**Task requirements:**
Although the data below contains pictures, output only the lines between those holding "Cantina Jalisco字体转换" and "Автостанція Бережани", inclusive, exactly and without those pictures.

**Data to use:**
========================================

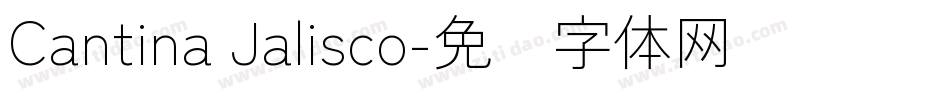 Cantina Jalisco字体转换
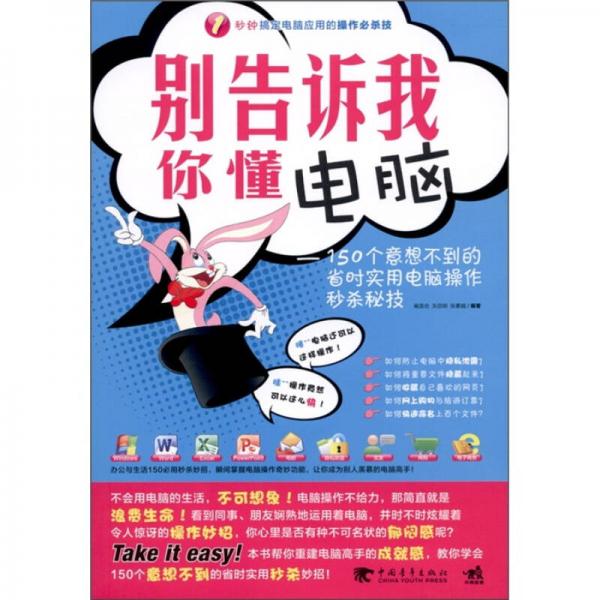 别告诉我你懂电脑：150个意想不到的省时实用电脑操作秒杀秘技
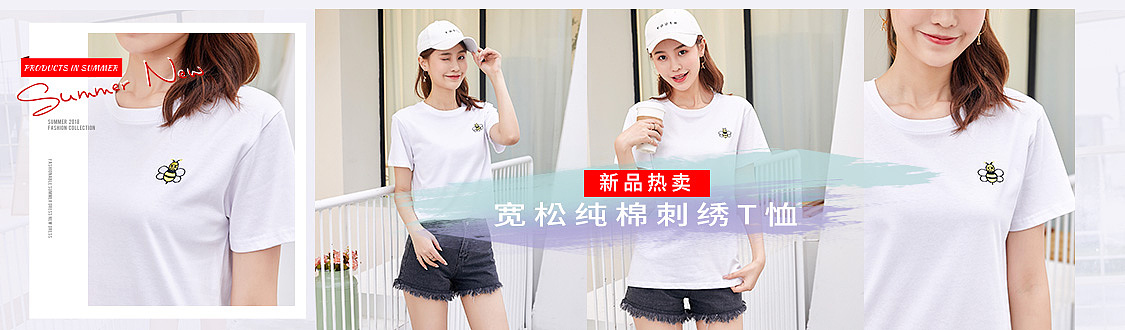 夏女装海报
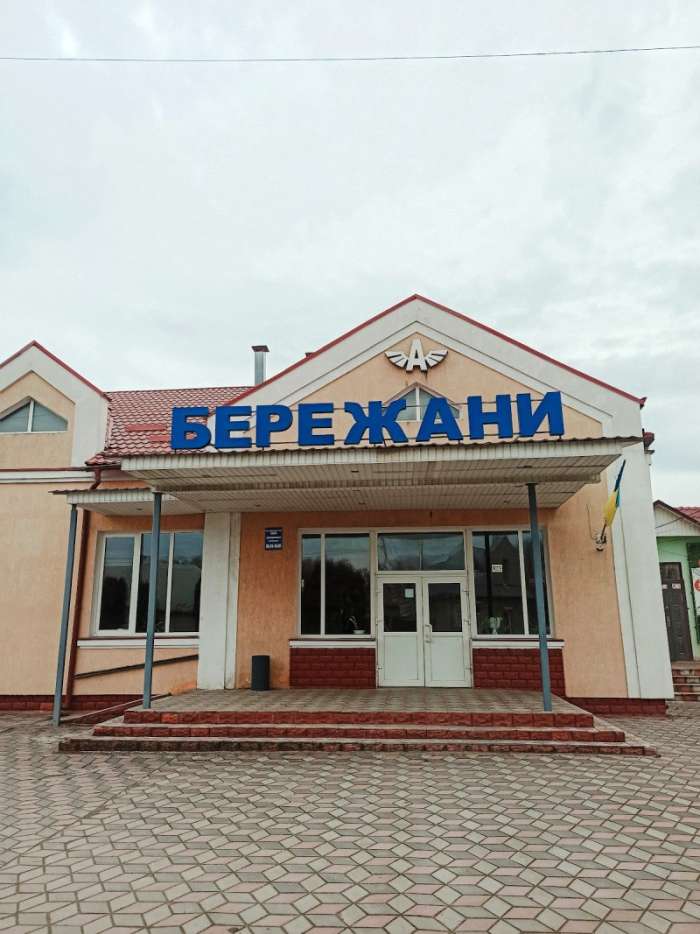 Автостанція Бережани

========================================

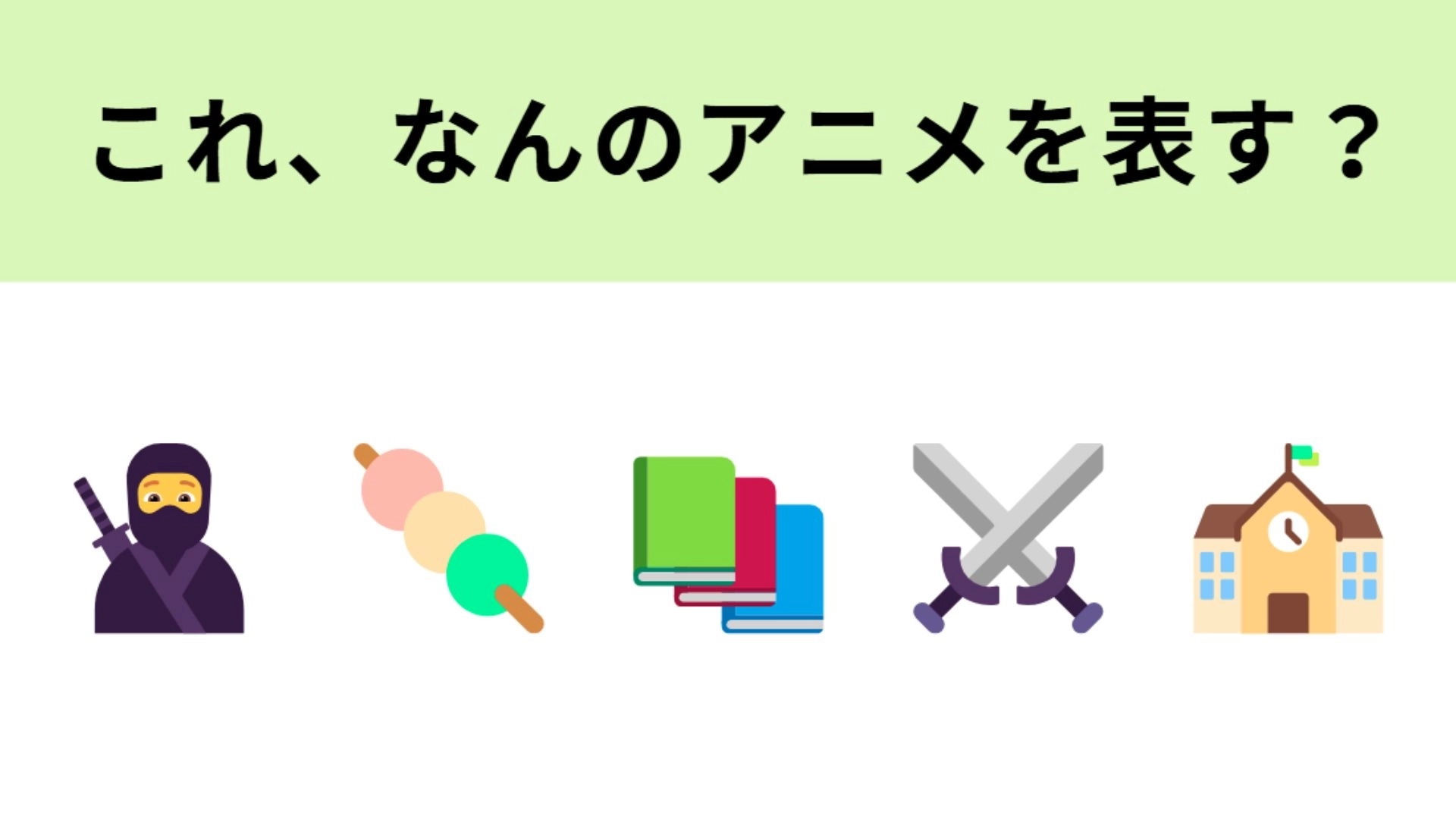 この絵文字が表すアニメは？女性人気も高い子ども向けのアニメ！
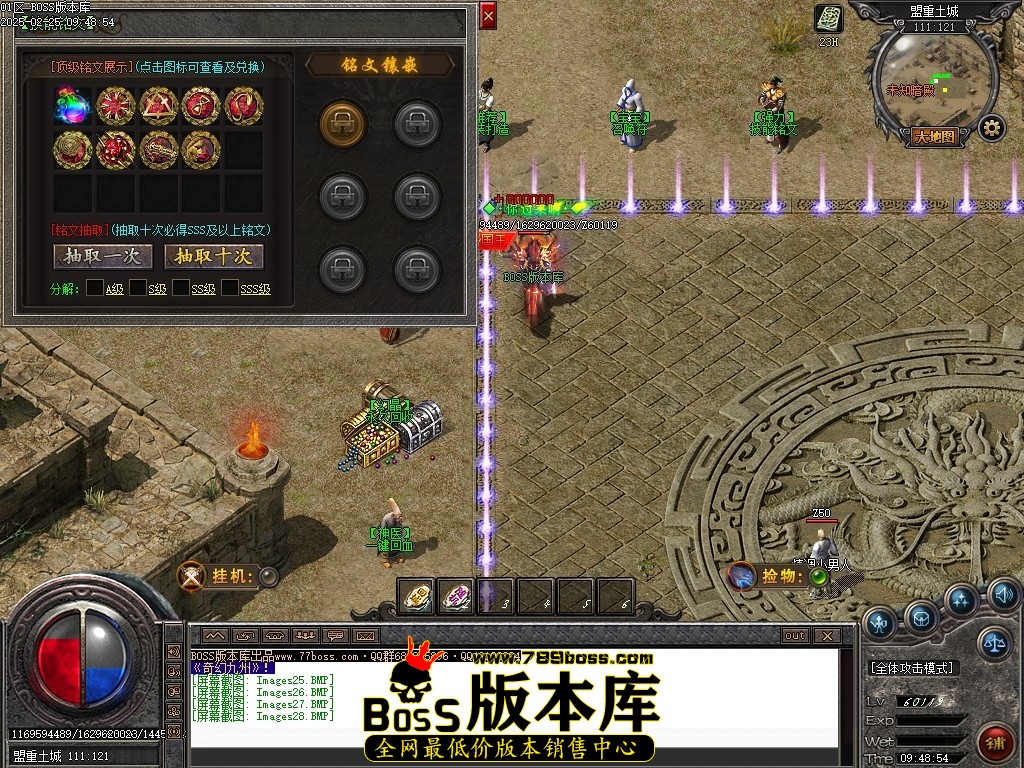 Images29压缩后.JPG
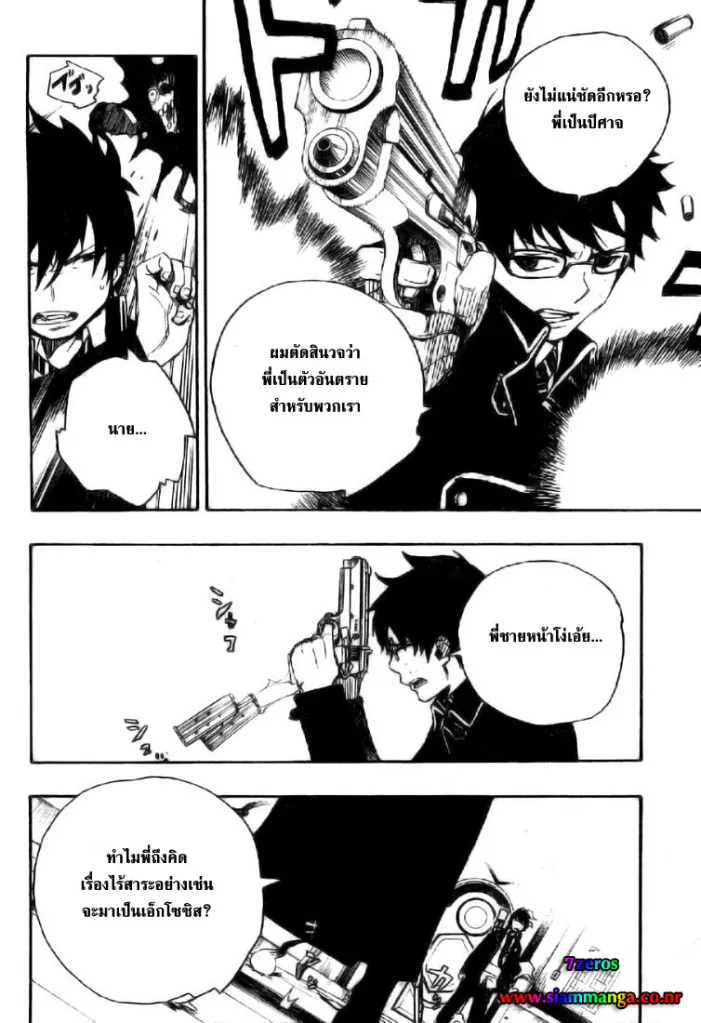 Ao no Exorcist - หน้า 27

========================================

**Answer for this exercise:**
 Cantina Jalisco字体转换
 别告诉我你懂电脑：150个意想不到的省时实用电脑操作秒杀秘技
 夏女装海报
 Автостанція Бережани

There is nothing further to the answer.